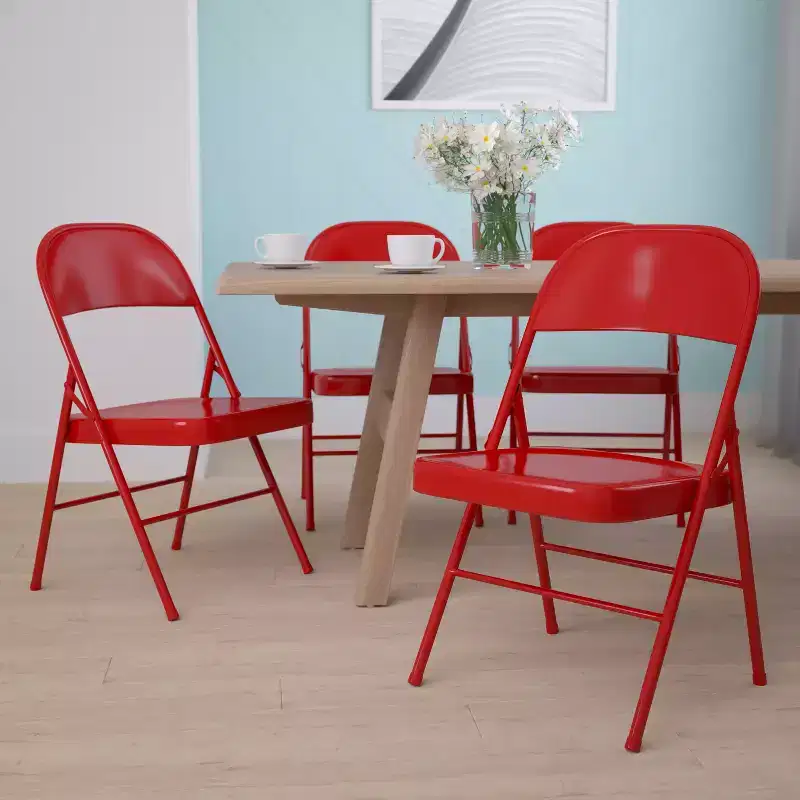Flash Furniture 4 Pack HERCULES Series Double Braced Metal Folding Chair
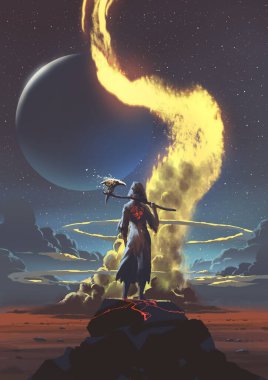 Güçlü bir cadı sihirli, dünya dışı bir manzarada baltayı kavrıyor. Gizem ve doğaüstü enerji yayıyor. Dijital sanat tarzı.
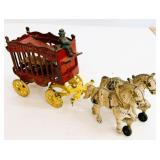 Antique Cast Iron Overland Circus Horses and Wagon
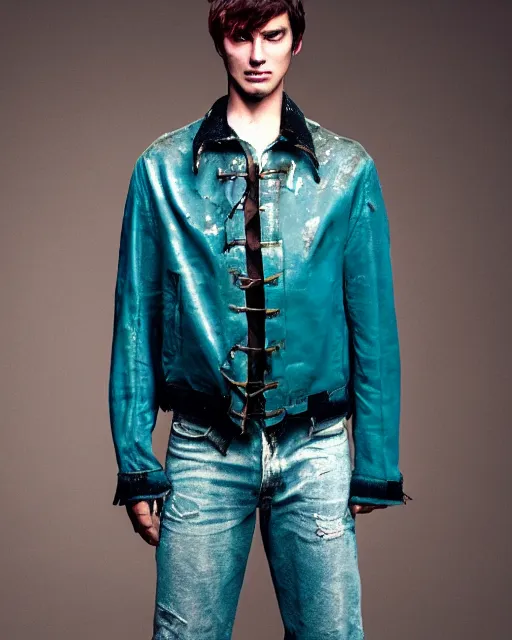 Prompt: an award - winning photo of an ancient male model wearing a plain cropped baggy teal distressed medieval designer menswear aviator jacket designed by alexander mcqueen, 4 k, studio lighting, wide angle lens, 2 0 0 4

## TASK GOAL
What you return should be all of the material above, exactly, and none of its pictures.

## SOLUTION TO THIS PROBLEM
Flash Furniture 4 Pack HERCULES Series Double Braced Metal Folding Chair
 Güçlü bir cadı sihirli, dünya dışı bir manzarada baltayı kavrıyor. Gizem ve doğaüstü enerji yayıyor. Dijital sanat tarzı.
 Antique Cast Iron Overland Circus Horses and Wagon
 Prompt: an award - winning photo of an ancient male model wearing a plain cropped baggy teal distressed medieval designer menswear aviator jacket designed by alexander mcqueen, 4 k, studio lighting, wide angle lens, 2 0 0 4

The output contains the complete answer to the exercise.